Annual Restricted Stock Award:

          At each annual meeting of shareholders, commencing with the 2007 annual

          meeting of shareholders, each Outside Director (other than the Chairperson of the

          Board) will automatically receive a grant of restricted shares of common stock of

          Company ("Restricted Shares") approximately equal in value to $90,000 ($180,000

          for the Chairperson of the Board) as of the date of grant.  The actual number of

          Restricted Shares shall be determined by the CFO and set forth in the Restricted

          Shares award agreement.  The Restricted Shares granted will vest in full on the

          third anniversary of the date of the grant (the “Vesting Date”), provided that the

          Outside Director has served continuously from the date of grant until the Vesting

          Date.  If an Outside Director's service with the Board terminates by reason of the

          Outside Director’s death, disability or failure to be renominated or reelected to the

          Board, then any unvested Restricted Shares will become vested at the rate of one

          -third of the Restricted Shares vesting for each full year the Outside Director

          served on the Board after the date of grant.  These and the remaining terms of the

          Restricted Shares will be governed by the terms of the applicable plan and award

          agreement.

Stock Ownership Requirement:

In accepting these awards stock options and Restricted Shares, each Outside Director agrees not to sell any shares of Company stock (including shares acquired as a result of the exercise of a stock option) granted hereunder (except to pay the exercise price of
stock options granted hereunder or taxes generated as a result of equity grants under the Policy) until such time as his or her ownership of shares of Company stock equals or exceeds five times the then Annual Retainer, as conclusively determined by the CFO. 
This stock ownership requirement may be waived by the Board, in its sole and absolute discretion, at any time, and from time to time.  In addition, this requirement shall terminate with respect to an Outside Director when such director ceases to serve on the
Board.

Director’s and Officer’s Insurance:

The Company will provide D&O insurance in the amount of $35,000,000 for the Outside Directors, unless such insurance is not available on commercially reasonable terms.

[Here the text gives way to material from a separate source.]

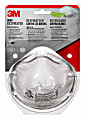 3M™ Household Cleanser Odor Respirator, White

Status as Outside Director:

For purposes of the Policy, an Outside Director is any director:  (i)  who is not employed by the Company, and (ii) who satisfies such other criteria for Outside Directors as established from time to time by the Board.

For purposes of the Policy, annual compensation and equity grants will be based on the date the Outside Director is elected to the Board or, in the case of existing Board members, the date on which the Policy is approved by the Board and becomes effective.  In
the case of an existing Board member who becomes an Outside Director as a result of a change in status, the grants will be as of the date the director's status changes to Outside Director.

Amendment or Termination of the Policy:

The Board reserves the right to amend or terminate the Policy at any time or waive any of the provisions generally or specifically.